We alternately cranked the car heater and rolled down the windows as we patrolled Assateague Island, watching for wild ponies, tiny deer, giant herons.

We walked the island marsh trails without crowds of bugs or people.

We combed for seashells wearing gloves and mittens.

We were sunburned -- or maybe wind burned or even freezer burned?

A pony sneaked up on us and stuck his muzzle through our open car window, hoping for a handout.

Then, two pint-sized sika deer suddenly appeared around a bend, munching grass as the sun started to dip. I loved watching my wife watching them, standing among them, her camera in hand.

Finally, it was too dark and cold to do anything else."

Erin: From John's story "Fog lifts for York Catholic's Michael Sperring"

"Somehow Michael Sperring played basketball that Thanksgiving morning. His head was pounding, the pressure inside it building. He did not know that time was running out.

The headaches had persisted for a week now, heavy and unrelenting, and during that time Michael had lived in a steady fog. He had hardly been able to eat or sleep, much less lift up jump shots.

That was about to change. When David Sperring walked out of his bathroom around 6 a.m.
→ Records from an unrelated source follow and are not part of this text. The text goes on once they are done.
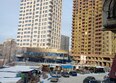 Runway (Ранвэй): Ход строительства 24 декабря 2025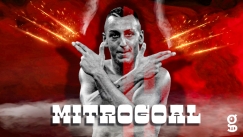 Κώστας Μήτρογλου: Ο άνθρωπος που δεν... άκουσε τις εντολές του Κόκκαλη (vid)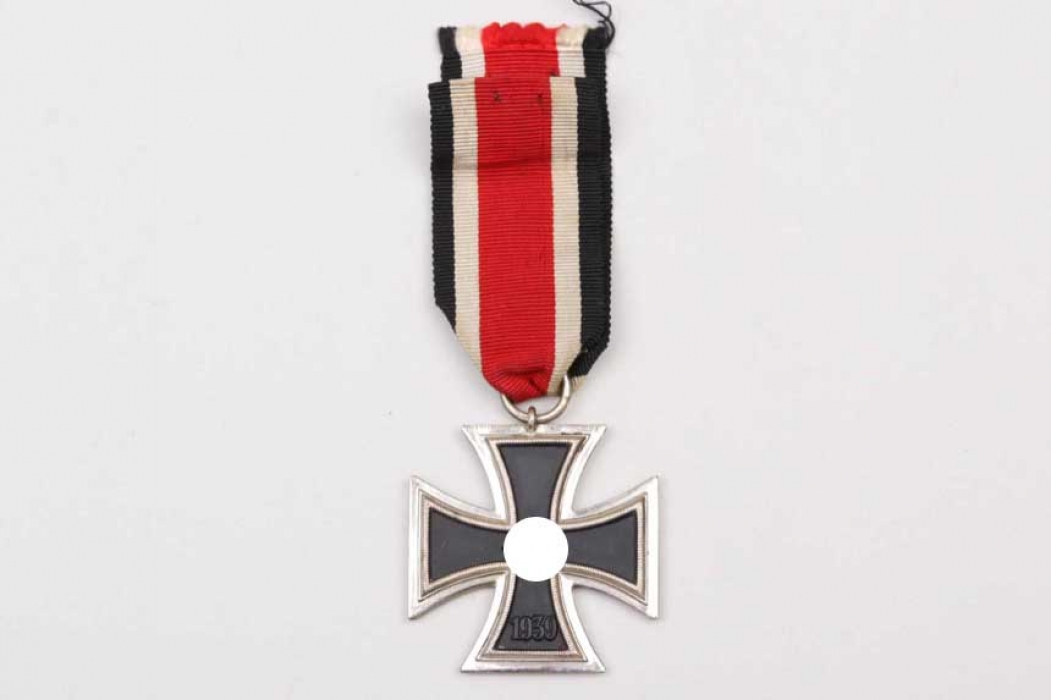 1939 Iron Cross 2nd Class - 106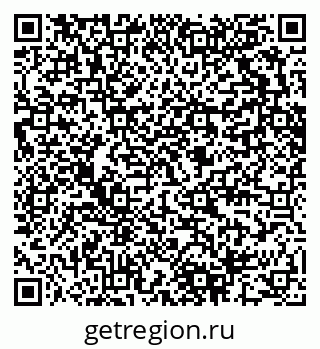 79280602835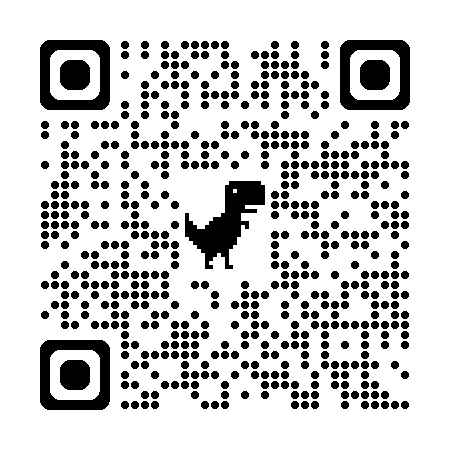 qrcode_good.or.jp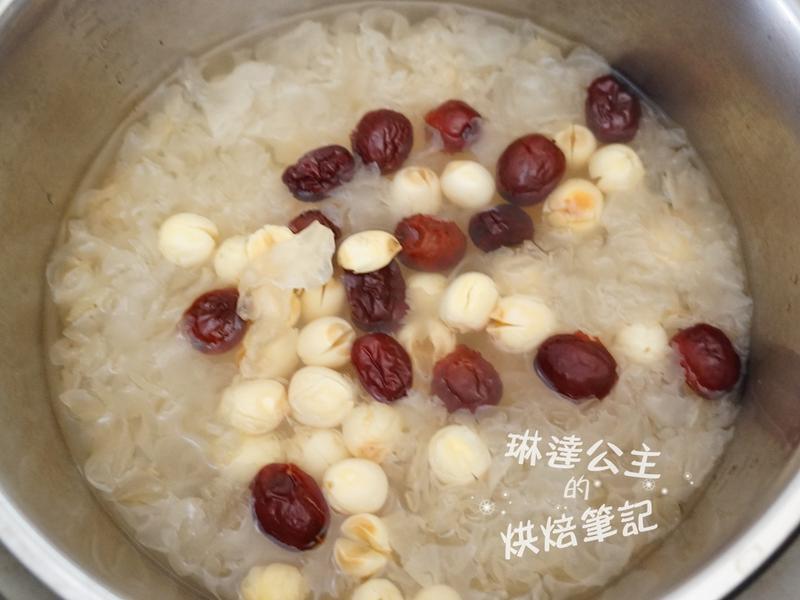 ���Ǻ�����������������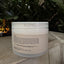 The Body Crème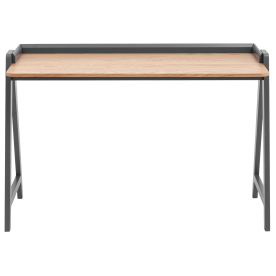 Письменный стол Армин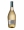VINHO GREGAL D'ESPIELLS BRANCO 2021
Thanksgiving morning, he found his son seated on his bed, gym clothes already on.

"I'm going to practice."

If the how was hard to understand, the why wasn't."
Erin (and the rest of us) loved the last line.

Laura: From Erin's upcoming FlipSide Weekend story, "Make believes most wanted" (read it Feb. 12)

"Character: Goldilocks
Crime: Trespassing, burglary
We know you’re only a minor, but the three bears had a right to press charges. You tasted their porridge and probably double-dipped. Gross. Then you slept in their beds, which is just creepy. You might be a curious little girl .¤.¤. or a bear stalker."
Laura thought the idea behind the story -- how fairy tale characters would fair in the justice system -- was really clever and Erin has just the right tone to match.

Jess: From teen staffer John Villarose's short story "Embracing the Cold"

"Another winter meant more snow. Dreadful, dreadful snow. Odd lumps of white and gray infecting the ground like a disease, spreading their rash over everything."

: From Scott Fisher's editorial, "On balloon dogs and Peter Cetera"

"The courts will have to sort out whether artist Jeff Koons has a valid claim in a lawsuit alleging copyright infringement over "balloon dog" bookends that look like his famous sculpture.

But from the outside, the suit by the Dover-area native seems a bit frivolous - as frivolous as balloon dogs themselves.

After all, balloon dogs all look pretty much alike. The big balloon dog statue Mr. Koons made (and made a good deal of money from) looks suspiciously like every balloon dog twisted by every clown at every circus in America for decades."
Kara said that it's difficult to write editorials, because it can be hard to write with authority. Scott not only does this well, but he makes them fun to read as well.